Closed jason-callaway closed 3 years ago
After comparing the results from the parser, its appears we are missing the following controls (35) in the graph database:
Going to look into the ETL parser as to why this is occurring.
You know, those controls looked weird to me. So I did a quick search for them.
MATCH (c:control) WHERE (c:control OR c:family) AND c.name IN ["AP-1", "AP-2", "AR-1", "AR-2", "AR-3", "AR-4", "AR-5", "AR-6", "AR-7", "AR-8", "DI-1", "DI-1(1)", "DI-1(2)", "DI-2", "DI-2(1)", "DM-1", "DM-2", "DM-2(1)", "DM-3", "DM-3(1)", "IP-1", "IP-1(1)", "IP-2", "IP-3", "IP-4", "IP-4(1)", "SE-1", "SE-2", "TR-1", "TR-1(1)", "TR-2", "TR-2(1)", "TR-3", "UL-1", "UL-2"] RETURN c.name
0 results. So now we know why there're not in the graph. Great!
New question: what the heck are they? Maybe deprecated controls? Those should still be in 800-53, though.
Ooooh. We're missing the 800-53 appendices.
https://nvlpubs.nist.gov/nistpubs/SpecialPublications/NIST.SP.800-53r4.pdf
So how should we graph these? As a family under 800-53? Or its own regime? I feel like the former will be easier to use.

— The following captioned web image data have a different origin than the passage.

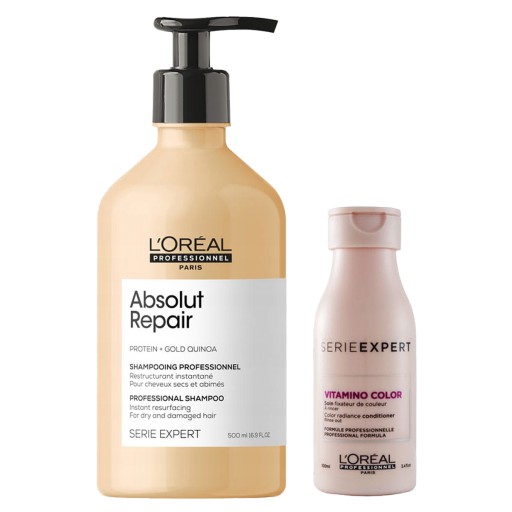 loreal szampon vitamin color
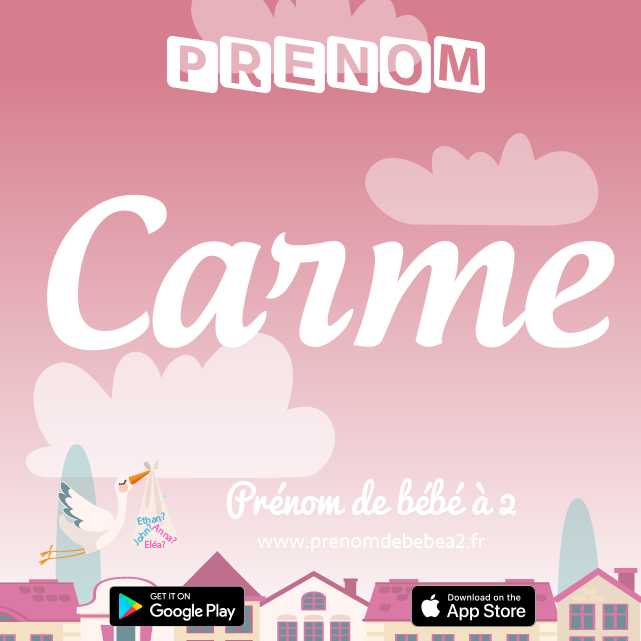 Prénom Carme : Signification, origine, popularité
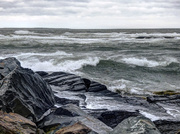 5th Jul 2014 - Hurricane Whipped Sea  ...  Blue Rocks, Nova Scotia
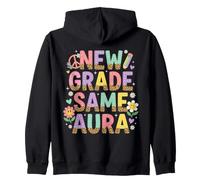 Regreso a la Escuela Nuevo Grado Same Aura Sudadera con Capucha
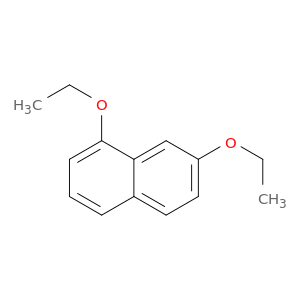 Naphthalene, 1,7-diethoxy-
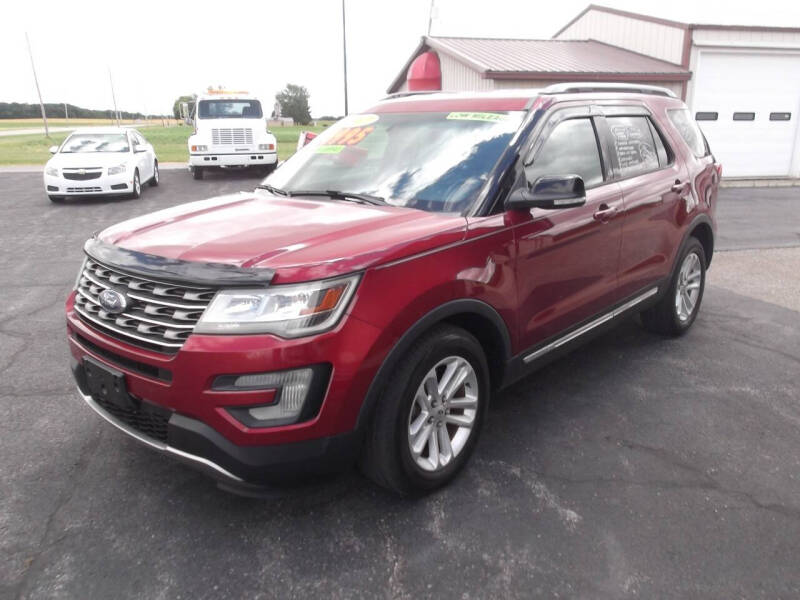2017 Ford Explorer XLT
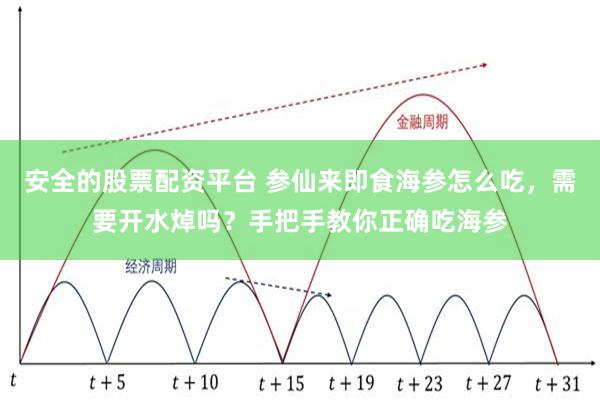 安全的股票配资平台 参仙来即食海参怎么吃，需要开水焯吗？手把手教你正确吃海参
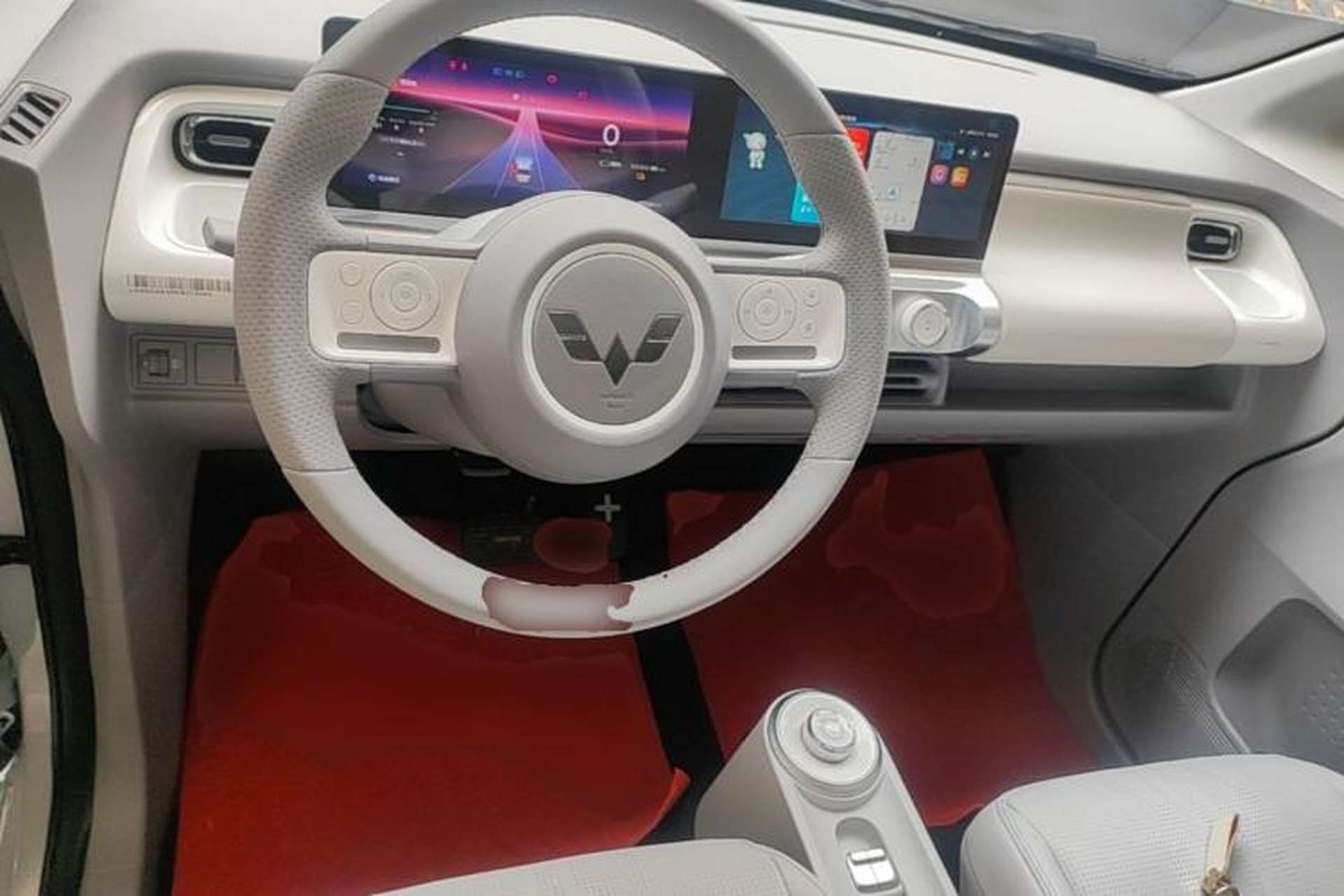 Used Wuling Air ev 2023 - Four Seats - Advanced Edition Center Console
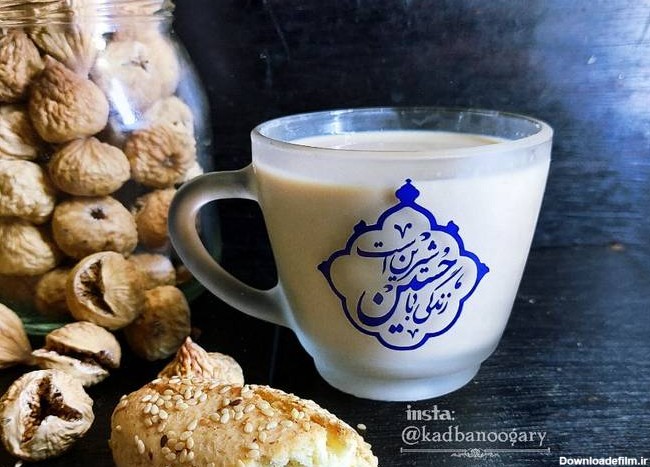 عکس شیر و چای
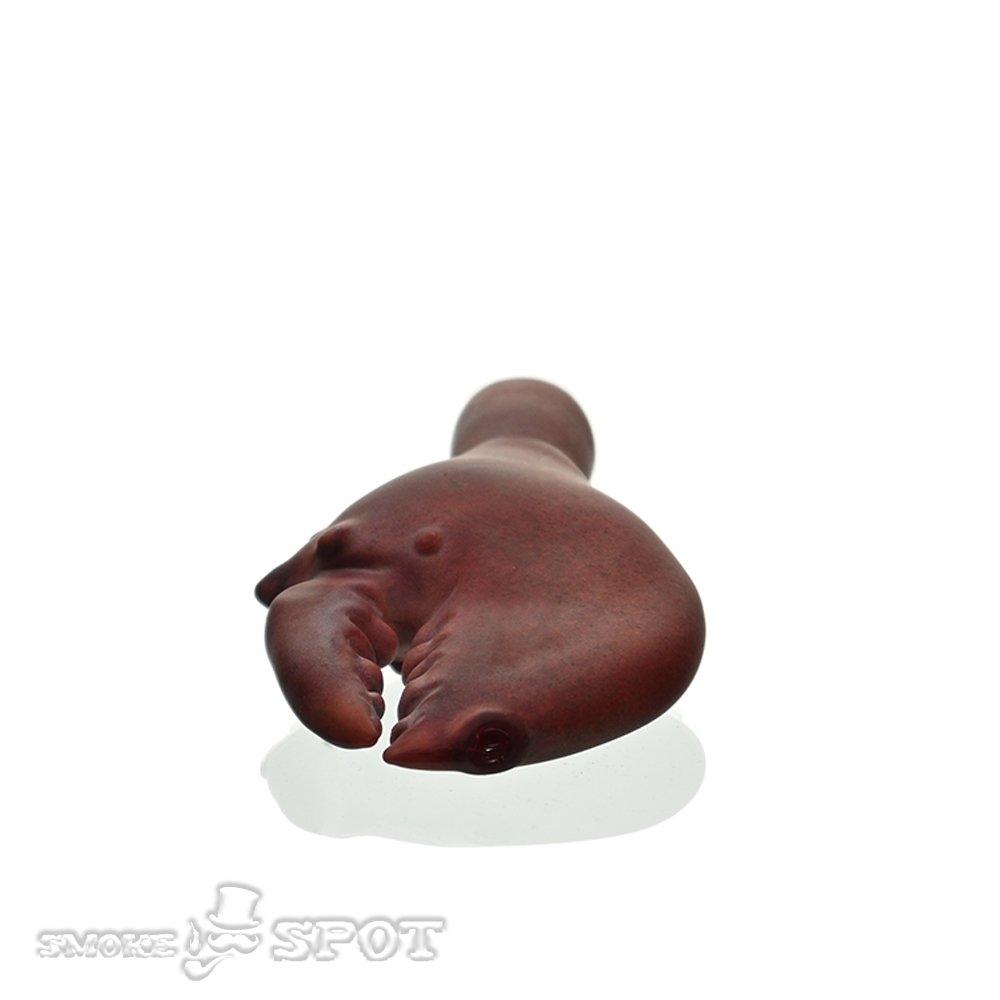 Pobz Claw Lobster Chilluim Handpipe detailed craftsmanship
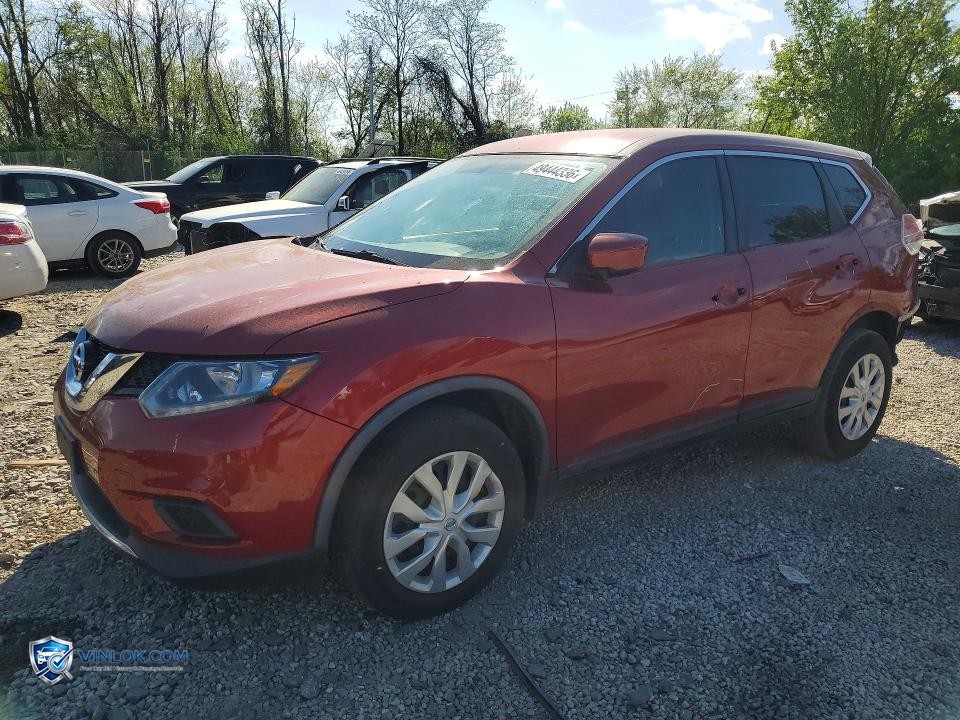 2016 NISSAN ROGUE S – Lot 49444336 auction photo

Yeah i agree, a family under 800-53 makes the most sense.
The odd part is these controls are listed in the tsv extract for CNSSI 1253 Privacy Overlay but arent resident in the graph as you noted above.
MATCH (r:regime {name: "CNSSI 1253"})-[:HAS*]->(b:baseline {name: "Privacy"}) WITH b MATCH (b)-[:REQUIRES]->(c:control) RETURN b,c.name
Right. We build 800-53 from the tsv at https://nvd.nist.gov/800-53. So what's missing are the appendices, which aren't in the tsv, but are in the pdf. It looks like Appendix J might be the only one containing new controls.
But this makes me worried that we're missing controls from other 800-53 related docs like 800-53A.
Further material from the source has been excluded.